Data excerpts
|---|
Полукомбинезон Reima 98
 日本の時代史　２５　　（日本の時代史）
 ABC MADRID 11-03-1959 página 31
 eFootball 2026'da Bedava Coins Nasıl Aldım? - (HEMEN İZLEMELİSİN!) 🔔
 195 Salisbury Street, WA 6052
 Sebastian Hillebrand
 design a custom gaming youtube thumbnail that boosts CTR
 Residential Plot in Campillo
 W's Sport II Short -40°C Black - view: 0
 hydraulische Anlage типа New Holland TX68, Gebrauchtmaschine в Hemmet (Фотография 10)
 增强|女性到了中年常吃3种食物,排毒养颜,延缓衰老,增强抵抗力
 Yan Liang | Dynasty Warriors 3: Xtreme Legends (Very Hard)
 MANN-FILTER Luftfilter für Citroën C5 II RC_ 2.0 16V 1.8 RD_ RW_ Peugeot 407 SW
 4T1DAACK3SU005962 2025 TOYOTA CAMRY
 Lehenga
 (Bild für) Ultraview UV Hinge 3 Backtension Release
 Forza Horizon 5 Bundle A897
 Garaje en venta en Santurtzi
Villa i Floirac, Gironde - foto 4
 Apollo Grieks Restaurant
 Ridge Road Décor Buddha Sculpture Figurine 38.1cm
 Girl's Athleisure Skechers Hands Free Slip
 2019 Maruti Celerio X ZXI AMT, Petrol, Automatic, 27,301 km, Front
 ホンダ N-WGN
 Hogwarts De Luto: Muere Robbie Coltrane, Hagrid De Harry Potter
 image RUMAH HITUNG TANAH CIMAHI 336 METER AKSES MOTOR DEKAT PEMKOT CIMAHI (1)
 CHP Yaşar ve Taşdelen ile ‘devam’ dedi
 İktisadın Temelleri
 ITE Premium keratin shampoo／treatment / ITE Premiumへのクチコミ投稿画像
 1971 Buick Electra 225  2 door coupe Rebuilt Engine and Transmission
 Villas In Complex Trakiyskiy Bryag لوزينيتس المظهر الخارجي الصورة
|---|
Exercise goal: Exactly as they stand, write out all of the entries.

Reply:
Полукомбинезон Reima 98
 日本の時代史　２５　　（日本の時代史）
 ABC MADRID 11-03-1959 página 31
 eFootball 2026'da Bedava Coins Nasıl Aldım? - (HEMEN İZLEMELİSİN!) 🔔
 195 Salisbury Street, WA 6052
 Sebastian Hillebrand
 design a custom gaming youtube thumbnail that boosts CTR
 Residential Plot in Campillo
 W's Sport II Short -40°C Black - view: 0
 hydraulische Anlage типа New Holland TX68, Gebrauchtmaschine в Hemmet (Фотография 10)
 增强|女性到了中年常吃3种食物,排毒养颜,延缓衰老,增强抵抗力
 Yan Liang | Dynasty Warriors 3: Xtreme Legends (Very Hard)
 MANN-FILTER Luftfilter für Citroën C5 II RC_ 2.0 16V 1.8 RD_ RW_ Peugeot 407 SW
 4T1DAACK3SU005962 2025 TOYOTA CAMRY
 Lehenga
 (Bild für) Ultraview UV Hinge 3 Backtension Release
 Forza Horizon 5 Bundle A897
 Garaje en venta en Santurtzi
Villa i Floirac, Gironde - foto 4
 Apollo Grieks Restaurant
 Ridge Road Décor Buddha Sculpture Figurine 38.1cm
 Girl's Athleisure Skechers Hands Free Slip
 2019 Maruti Celerio X ZXI AMT, Petrol, Automatic, 27,301 km, Front
 ホンダ N-WGN
 Hogwarts De Luto: Muere Robbie Coltrane, Hagrid De Harry Potter
 image RUMAH HITUNG TANAH CIMAHI 336 METER AKSES MOTOR DEKAT PEMKOT CIMAHI (1)
 CHP Yaşar ve Taşdelen ile ‘devam’ dedi
 İktisadın Temelleri
 ITE Premium keratin shampoo／treatment / ITE Premiumへのクチコミ投稿画像
 1971 Buick Electra 225  2 door coupe Rebuilt Engine and Transmission
 Villas In Complex Trakiyskiy Bryag لوزينيتس المظهر الخارجي الصورة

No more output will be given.